The accompanying unaudited pro forma condensed combined statement of income does not include (1) any revenue or cost saving synergies that may be achievable through the business combination, or (2) the impact of non-recurring items directly related to the business combination.
NASDAQ OMX expects to incur a number of non-recurring costs associated with combining the operations of the two companies such as, but not limited to, severance, contract terminations and technology integration and the related elimination of duplicative costs, as well as the realization of other efficiencies related to the integration of their respective businesses. Such costs have not been reflected in the pro forma condensed combined financial data because they represent non-recurring charges directly attributable to the business combination of Nasdaq and OMX. At this time, the specific amount cannot be estimated as sufficient information is not available. Following the completion of the integration with OMX, NASDAQ OMX will revise its disclosure on a go-forward basis.

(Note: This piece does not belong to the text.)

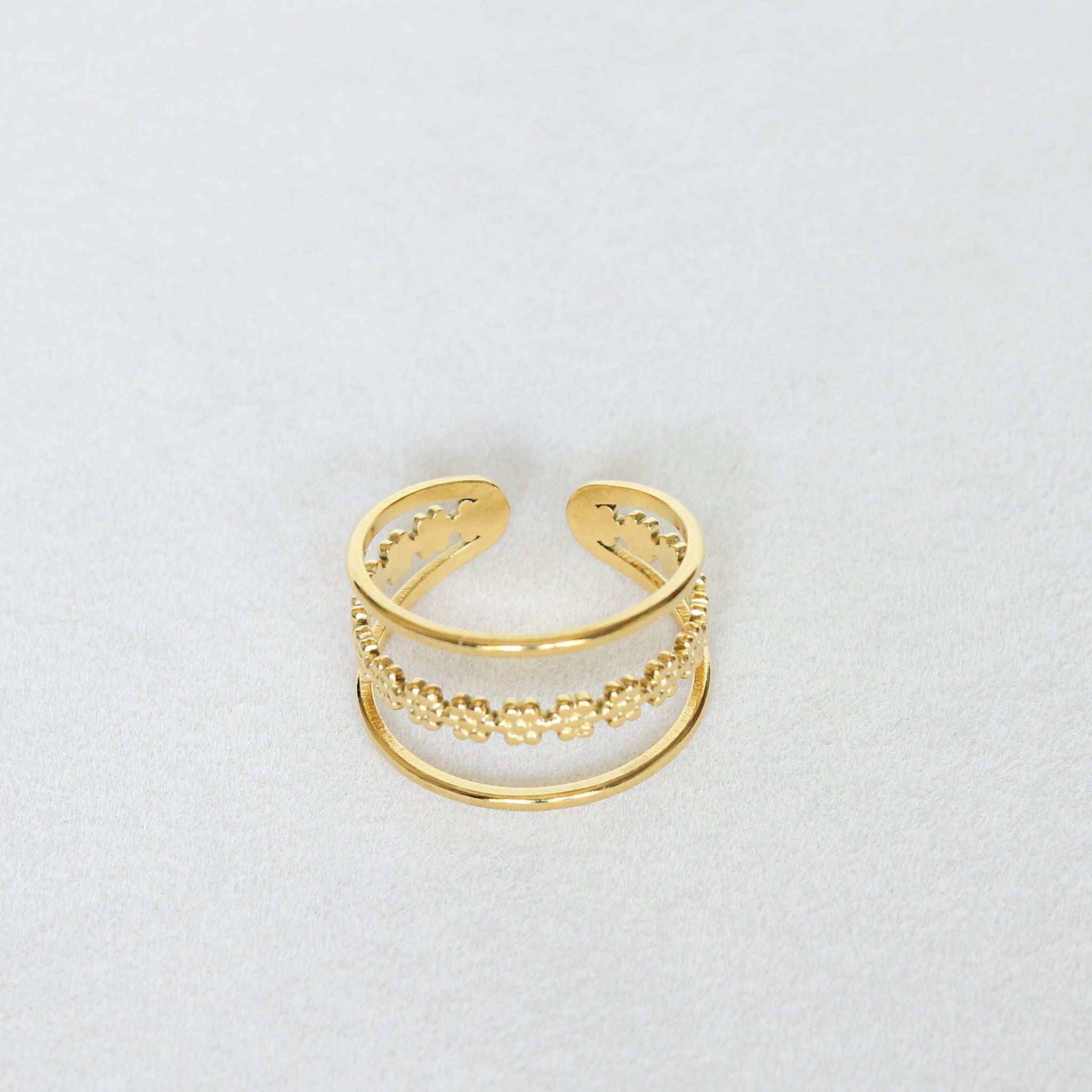 Mina Band Ring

For the purpose of the pro forma condensed combined financial information, OMX financial information has been translated into U.S. Dollars and is presented in accordance with U.S. GAAP. The balance sheet of OMX as of December 31, 2007 has been translated using an exchange rate of 6.4683. The statement of income of OMX for the year ended December 31, 2007 has been translated using an average exchange rate of 6.7568.
Certain reclassifications have been made to the historical financial statements of OMX to conform to the presentation expected to be used by NASDAQ OMX. NASDAQ OMX expects there could be additional reclassifications in the year following the completion of the business combination.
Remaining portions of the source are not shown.